A member of the West Baltimore “Trained To Go" gang was sentenced to 30 years in prison after he was convicted of a racketeering conspiracy prosecutors say involved eight murders, witness intimidation and drug trafficking.
Timothy Floyd, 28, of Baltimore was sentenced Friday by U.S. District Court Judge Catherine C. Blake after he was convicted Oct. 31 of racketeering conspiracy and conspiracy to distribute dangerous substances.
Floyd was one of 12 people charged in a June 2018 indictment as federal prosecutors said the Sandtown-based gang was “a criminal organization whose members and associates engaged in drug distribution, and acts of violence involving murder, kidnapping, assault, and witness intimidation.”
According to the indictment, the gang murdered several people from 2010 to 2017 in West Baltimore, including a triple murder on July 7, 2015, that left two men and a woman dead near the University of Maryland, Baltimore campus.
In the indictment, Floyd was one of three members accused of murdering 22-year-old Antonio Addison at his grandmother’s house on North Carey Street on May 25, 2016, as well as conspiring to sell heroin, marijuana and cocaine with the gang.
An attorney for Floyd did not immediately return calls for comment.
In a statement, U.S. Attorney Robert K. Hur cited the severity of the sentence as representative of the violent acts Floyd was accused of.
“Timothy Floyd will now spend 30 years in federal prison for the violence and misery he and his fellow gang members brought to West Baltimore, in the form of murders, shootings, armed robbery, witness intimidation, and drug dealing,” Hur wrote.
“Hopefully criminals who are not deterred from terrorizing our neighborhoods by the threat of prison can be deterred by the reality of years spent in a federal prison far from home — where there is no parole.
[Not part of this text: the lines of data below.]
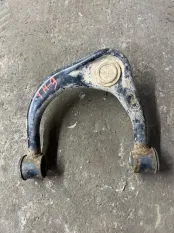 Рычаг передний правый Toyota Hilux (2005-2015) 2014 ПИКАП 2.5 D 2KDFTV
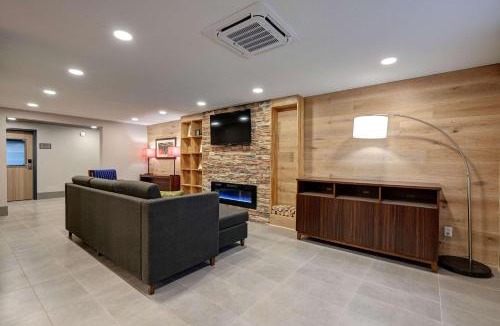 Pierre Hotel | Country Inn & Suites by Radisson, Pierre, SD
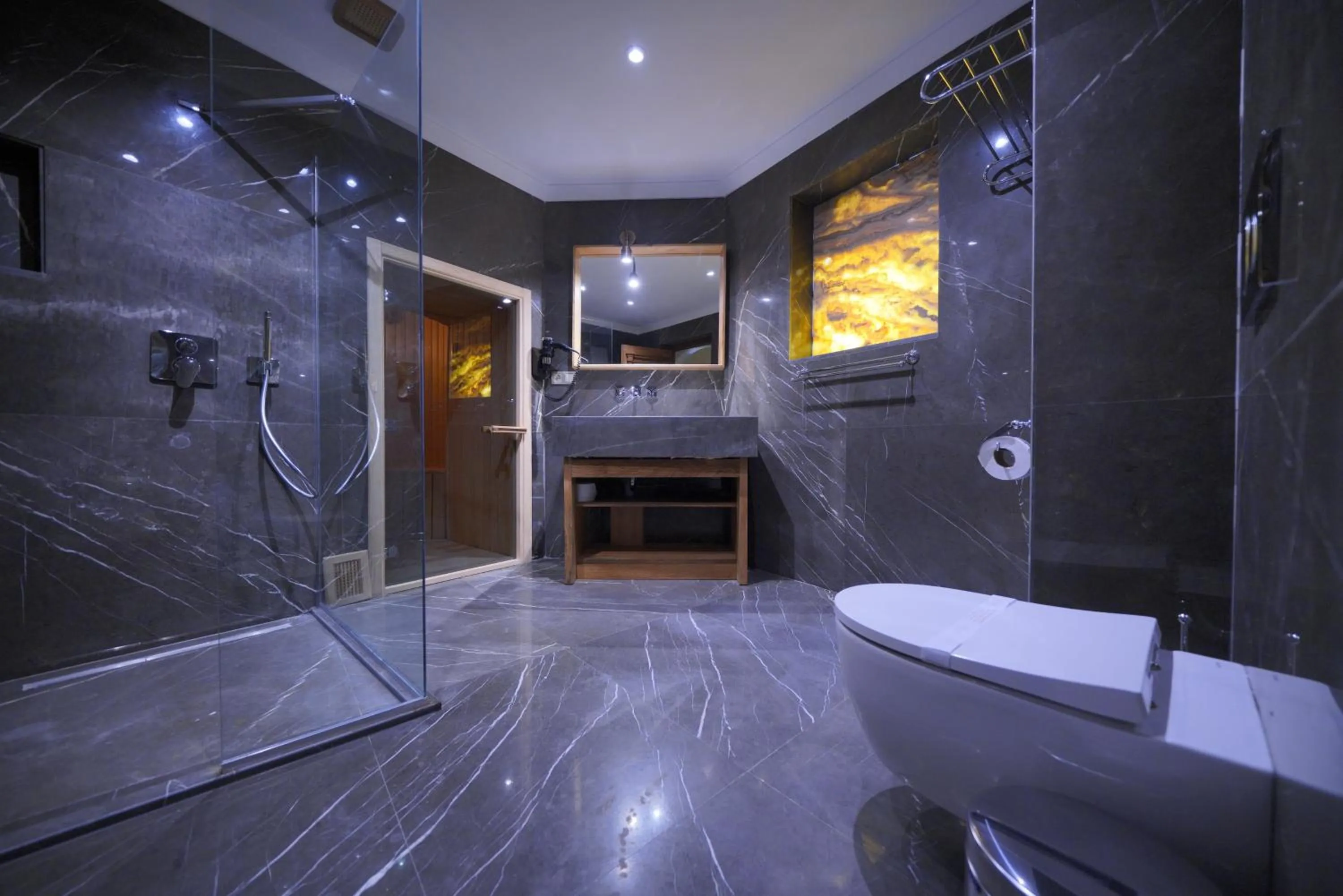 Shower in Kappadoks Cave Hotel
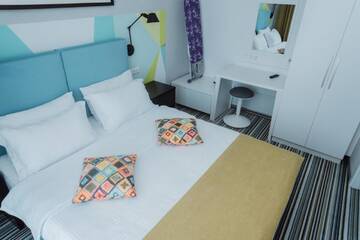 Фото номера Семейный номер с видом на море Апарт-отели Aparthotel Tangerine г. Батуми 3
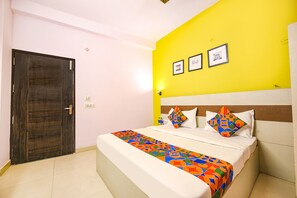 Egyptian cotton sheets, premium bedding, in-room safe, free WiFi - FabHotel Royal Discovery (New Delhi)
Ever,” he wrote.
The two other members who prosecutors said helped Floyd murder Addison — Terrell Sivells and his brother Montana Barronette — were sentenced to life in prison early this year.
Prosecutors said Sivells and Barronette ran the Sandtown gang, with police calling Barronette the city’s “No. 1 trigger puller.” Barronette was charged with participating in or coordinating in the murders of eight people in the federal indictment.
The FBI announced earlier this month that another Trained To Go member — Roger Taylor, 28, of Baltimore — was arrested in the Dominican Republic and will face conspiracy to commit racketeering and drug charges.
Taylor is the last defendant to face charges in the case.
Three of the convicted members — John Harrison, 28, Taurus Tillman, 29, and Brandon Wilson, 24 — were indicted on new charges of assaulting U.S. marshals and other guards who escorted them to and from trial.
Dennis Pulley, who was found guilty of racketeering conspiracy, conspiracy to distribute drugs and weapons offenses, is set to be sentenced Sept. 20.